The MBTI is the most widely used personality test, with more than 200,000 people worldwide taking it every year.
The test can be used to assess people’s general personality traits, including their outlook on life, as well as their preferences for work, family and friendships.
MBTI (and similar tests) can also be used in a variety of different settings, including health, employment, education and more.
However, the test is not widely used by people in Australia.
While the Australian Bureau of Statistics (ABS) recently updated its MBTI questionnaire, it’s still not included in the ABS’ official database, despite being used by about 6.5 million people in the country.
ABS is hoping to update its database by the end of June, and it is now seeking the views of the public about whether the new MBTI should be included.
The questionnaire was released last year and was originally designed for the International Association for the Testing of Intelligence (TITSI) but is now used by thousands of other organisations.
The database has a range of personality test-related information, such as whether people score in the top 10 percent of people in each domain, how many times they take a test every day, whether they prefer to take a self-report version or an interview version, and whether they use a version of the test that measures things such as their sensitivity to emotions, or to negative thoughts and emotions.
However, it does not include details on the test’s validity, which means that it is not always possible to verify if someone is scoring highly, or if they are really doing well.
“It’s a big problem in the world today, because there are many organisations which are looking for people with a personality profile which they believe will be a good fit for the job they have, and we have these problems in Australia,” says Cathy Kober, a clinical psychologist at the University of Queensland.
“There are people with MBTI scores who are working for us and they’re not, they’re just being asked to fill out the questionnaire and they have no idea whether that’s going to work or not.”
We don’t have a system in place where people can take the test, they can’t see their scores, we can’t know what the test measures, so we don’t know how accurate it is.”
This is not the first time the questionnaire has been revised, but it is the first to include information about the test. “
It was developed for TITSI because they wanted to have a database of people with an MBTI that could be used by their colleagues in a range and we wanted to be able to look at it and say, ‘Hey, we have this, and here are some people who are using this for their own purposes’,” Ms Kober said.
This is not the first time the questionnaire has been revised, but it is the first to include information about the test.
In the past, questions relating to the test were asked in the same way they were for other tests.
“It’s one of those things where the questioner will ask you, ‘Why do you like this?’, and you’ll have to answer that,” Ms Kueber said.
“But now you’ve got questions that say, and I’m going to guess, ‘Well, I like the personality of this person, I have a particular trait or I have particular interests, and that’s what I want to know about’.”
And that’s been a very important piece of information, that we know that what we’re asking people is not about how well they’re doing, but what they’re interested in.”
This year, questions have also been changed to ask about more recent research, including data from the UK, US and other countries.
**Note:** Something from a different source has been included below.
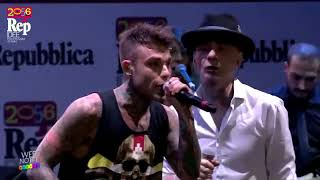 JAx e Fedez  Vorrei ma non posto [upl. by Rovelli948]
It is unclear whether or not these changes will affect the way the MBT is used in Australia, but Ms Koeber hopes they will.
People who are considering taking the MBTS have until June to do so, and a decision is expected by the autumn.
In addition to the changes, the survey has also asked people to consider the possibility of using their MBTI test as a proxy for other types of personality tests.
The survey also asks people if they use their MBT as a tool to gauge their own mental health, and how it affects their relationships.
There is no way to know how well a person’s MBTI score will translate into their behaviour, or how it will affect their confidence in their decision-making abilities.
If you or anyone you know is struggling with depression, anxiety, or self-harm, you can contact the Samaritans Suicide Helpline on 13 11 14, or call Lifeline on 131 114.